PG&E’s pipeline maintenance should be more thoroughly scrutinized, advocates say

by Mike Taugher, Contra Costa Times

The flaws in PG&E’s high-pressure gas lines that led to the catastrophic explosion in San Bruno in 2010 may lurk elsewhere, and regulators should therefore launch a comprehensive review of the company’s pipeline maintenance, consumer advocates argued in regulatory filings Tuesday.

The Utility Reform Network said such a review should come on top of similar reviews of other aspects of PG&E’s pipeline safety programs.

Tuesday was the deadline for outside parties to submit testimony in a California Public Utilities Commission investigation launched early this year into whether PG&E violated laws that led to the September 2010 explosion that killed eight people, injured many more and damaged or destroyed dozens of homes.

"TURN is urging the CPUC immediately investigate PG&E’s past maintenance to see if the same violations of federal integrity management standards that existed on line 132 exist elsewhere," said Marcel Hawiger, a staff attorney at TURN. "The CPUC should hold PG&E accountable for its past failures by making the company pay to correct any violations out of profits, rather than forcing ratepayers to foot the bill."

Large fines possible

Regulators say their investigation, which is scheduled to be complete early next year, could result in very large fines against PG&E.

The company says that since the explosion it has changed course and now puts a much greater emphasis on safety.

"We’ve brought in new leadership to overhaul our operations," said PG&E spokesman David Eisenhauer. "We’re moving forward to make our system as safe as it can be."

San Bruno Mayor Jim Ruane said in testimony filed on behalf of his city that the tragic explosion was the result of "gross human errors made 54 years ago, compounded by subsequent mistakes which allowed defective welds to remain but completely undetected by PG&E."

Ruane also faulted regulators, saying the PUC has been too cozy with the utilities it regulates.

Commission spokeswoman Terrie Prosper disputed that.

"Although the tragedy in San Bruno has taught us some tough lessons about pipeline safety and risk assessment, the CPUC vigorously enforces state and federal regulations and since 1999 has levied more than $560 million in fines and restitution across the utilities it regulates," Prosper said in an email.

Meanwhile, a consultant to the city of San Francisco filed detailed arguments that PG&E failed to aggressively tackle potential safety problems.

Leak blamed on weld

Among the evidence he cited was a recently filed report of lab tests on a leaky PG&E pipeline.

The lab report augments a document PG&E filed last year and confirms that a leak discovered in 1988 nine miles south of the site of the 2010 explosion was probably due to a faulty weld.
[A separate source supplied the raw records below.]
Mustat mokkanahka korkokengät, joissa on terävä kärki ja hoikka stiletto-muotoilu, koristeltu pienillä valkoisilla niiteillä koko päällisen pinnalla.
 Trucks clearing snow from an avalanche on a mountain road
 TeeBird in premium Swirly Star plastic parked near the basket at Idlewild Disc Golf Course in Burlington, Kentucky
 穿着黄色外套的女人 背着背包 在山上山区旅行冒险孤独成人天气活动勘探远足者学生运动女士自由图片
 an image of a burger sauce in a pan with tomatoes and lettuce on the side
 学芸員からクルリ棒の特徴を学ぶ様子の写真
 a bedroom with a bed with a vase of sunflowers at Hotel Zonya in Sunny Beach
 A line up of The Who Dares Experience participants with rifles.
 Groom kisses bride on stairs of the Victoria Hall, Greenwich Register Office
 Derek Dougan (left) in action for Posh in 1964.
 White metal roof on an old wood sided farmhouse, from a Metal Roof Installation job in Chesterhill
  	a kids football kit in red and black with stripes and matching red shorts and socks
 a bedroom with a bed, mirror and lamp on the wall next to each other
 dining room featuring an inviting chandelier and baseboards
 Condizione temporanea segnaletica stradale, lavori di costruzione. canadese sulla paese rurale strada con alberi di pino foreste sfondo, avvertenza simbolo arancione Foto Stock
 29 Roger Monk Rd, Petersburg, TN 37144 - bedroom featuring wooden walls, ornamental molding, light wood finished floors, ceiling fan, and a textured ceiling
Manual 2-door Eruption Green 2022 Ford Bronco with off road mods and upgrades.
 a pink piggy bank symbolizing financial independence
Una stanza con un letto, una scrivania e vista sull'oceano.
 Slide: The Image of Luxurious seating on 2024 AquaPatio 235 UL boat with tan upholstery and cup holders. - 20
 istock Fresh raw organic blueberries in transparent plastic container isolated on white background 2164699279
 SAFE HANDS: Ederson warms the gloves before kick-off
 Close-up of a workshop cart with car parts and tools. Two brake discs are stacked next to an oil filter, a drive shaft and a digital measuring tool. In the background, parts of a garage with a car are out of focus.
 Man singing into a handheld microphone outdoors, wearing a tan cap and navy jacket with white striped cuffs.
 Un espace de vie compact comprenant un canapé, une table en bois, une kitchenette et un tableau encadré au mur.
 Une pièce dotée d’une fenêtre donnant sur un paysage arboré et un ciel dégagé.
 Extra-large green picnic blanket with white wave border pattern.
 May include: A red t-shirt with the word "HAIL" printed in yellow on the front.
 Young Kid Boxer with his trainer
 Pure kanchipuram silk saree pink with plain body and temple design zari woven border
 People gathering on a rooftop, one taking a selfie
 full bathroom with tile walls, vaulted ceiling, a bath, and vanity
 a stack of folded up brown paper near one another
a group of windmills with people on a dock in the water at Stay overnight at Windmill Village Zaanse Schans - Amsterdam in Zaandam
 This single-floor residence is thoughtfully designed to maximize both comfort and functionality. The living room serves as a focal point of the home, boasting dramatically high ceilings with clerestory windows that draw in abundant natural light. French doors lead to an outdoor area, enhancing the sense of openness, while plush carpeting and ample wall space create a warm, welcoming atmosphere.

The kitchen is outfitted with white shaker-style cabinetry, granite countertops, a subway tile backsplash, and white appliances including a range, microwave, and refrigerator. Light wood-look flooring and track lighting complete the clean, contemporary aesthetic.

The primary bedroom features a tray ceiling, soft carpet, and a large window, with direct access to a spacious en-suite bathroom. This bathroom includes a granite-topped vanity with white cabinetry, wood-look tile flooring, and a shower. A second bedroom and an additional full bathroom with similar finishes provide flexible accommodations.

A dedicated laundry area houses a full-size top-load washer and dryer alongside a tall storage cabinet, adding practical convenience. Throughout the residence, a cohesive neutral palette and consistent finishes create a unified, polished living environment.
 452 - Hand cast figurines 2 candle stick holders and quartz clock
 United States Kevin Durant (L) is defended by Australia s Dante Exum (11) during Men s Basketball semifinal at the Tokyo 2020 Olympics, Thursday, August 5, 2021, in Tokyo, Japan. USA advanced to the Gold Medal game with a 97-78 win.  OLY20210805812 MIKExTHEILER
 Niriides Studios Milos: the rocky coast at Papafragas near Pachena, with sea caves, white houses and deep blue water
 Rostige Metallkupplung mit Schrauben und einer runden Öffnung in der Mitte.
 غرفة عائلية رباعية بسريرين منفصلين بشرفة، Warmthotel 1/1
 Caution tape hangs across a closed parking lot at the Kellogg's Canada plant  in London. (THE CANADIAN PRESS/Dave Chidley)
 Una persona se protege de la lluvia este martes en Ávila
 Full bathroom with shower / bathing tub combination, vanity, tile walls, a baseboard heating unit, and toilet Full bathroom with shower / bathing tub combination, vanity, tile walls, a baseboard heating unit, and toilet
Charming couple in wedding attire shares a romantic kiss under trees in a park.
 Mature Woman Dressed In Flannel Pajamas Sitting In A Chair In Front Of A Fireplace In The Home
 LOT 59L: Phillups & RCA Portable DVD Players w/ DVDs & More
That leak was blamed on a faulty pipe seam during a federal investigation into the explosion last year and widely reported.

The lab test said that although it could not pinpoint the leak, it likely came from poor quality welds done when the pipe was fabricated, indicating that PG&E should have done more aggressive testing and investigation into whether similarly faulty welds were elsewhere in the pipeline system, San Francisco consultant John Gawronski said in written testimony.

PG&E’s Eisenhauer countered that the test results do not definitively isolate the source of the 1988 leak to the longitudinal weld — implying that the leak could have come from "girth" welds that connect two segments of pipe together — and added that despite problems with its pipelines uncovered after the explosion, the utility has reduced pressure and moved to ensure its pipelines are now safe.